Depuis la réforme 100 % santé, une gamme d’aides auditives est accessible sans reste à charge pour les assurés. Ce dispositif a levé l’un des principaux freins à l’appareillage : le coût. Les audioprothésistes proposent des appareils de classe I entièrement pris en charge, avec un suivi inclus sur plusieurs années.

Passer un test tôt ne signifie pas s’appareiller immédiatement. Un bilan peut révéler une perte légère qui ne nécessite pas encore de prothèse, mais qui justifie un suivi régulier. Connaître son audiogramme de référence à 60 ans permet de mesurer précisément l’évolution lors des contrôles suivants.
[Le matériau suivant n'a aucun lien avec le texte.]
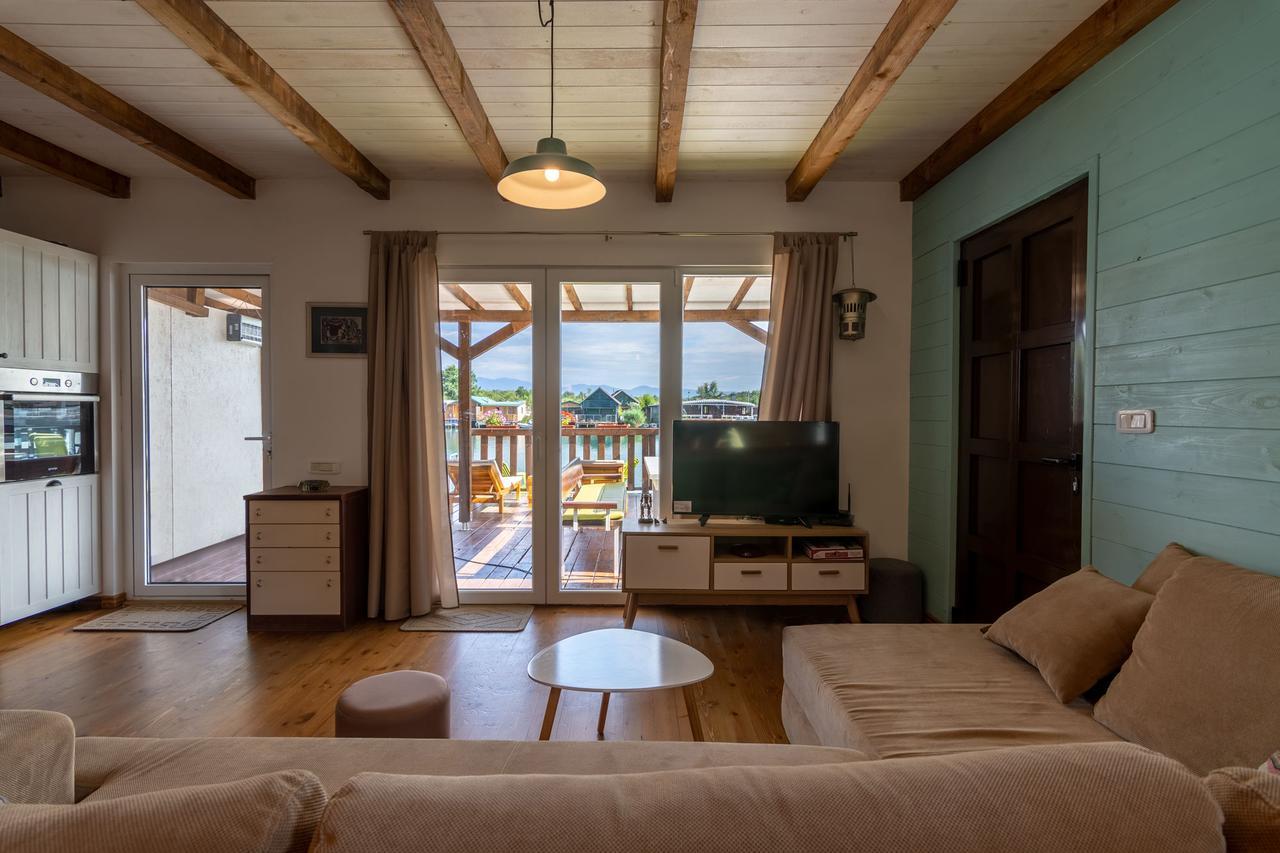 Hakuna Matata Apartments Улцинь Экстерьер фото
Audition-marcboulet : un dépistage accessible à distance

Audition-marcboulet propose un test auditif gratuit en ligne, conçu pour repérer les premiers signes de perte auditive depuis chez soi. Le test combine des questions sur l’historique auditif, des épreuves de tonalité à différentes fréquences et un exercice de compréhension de la parole.

Les résultats sont immédiats et s’accompagnent de recommandations personnalisées. Ce type de dépistage ne remplace pas un bilan ORL complet, mais il constitue une première étape pour les personnes qui hésitent à consulter ou qui souhaitent objectiver une gêne ressentie au quotidien.

La perte auditive après 60 ans n’est pas une fatalité qu’on subit passivement. Les données récentes sur le lien entre audition et cognition placent le dépistage précoce au rang des gestes de prévention les plus rentables en termes de qualité de vie. Un premier bilan entre 60 et 65 ans, puis un suivi tous les deux ans, reste la stratégie la plus solide pour garder prise sur sa santé auditive.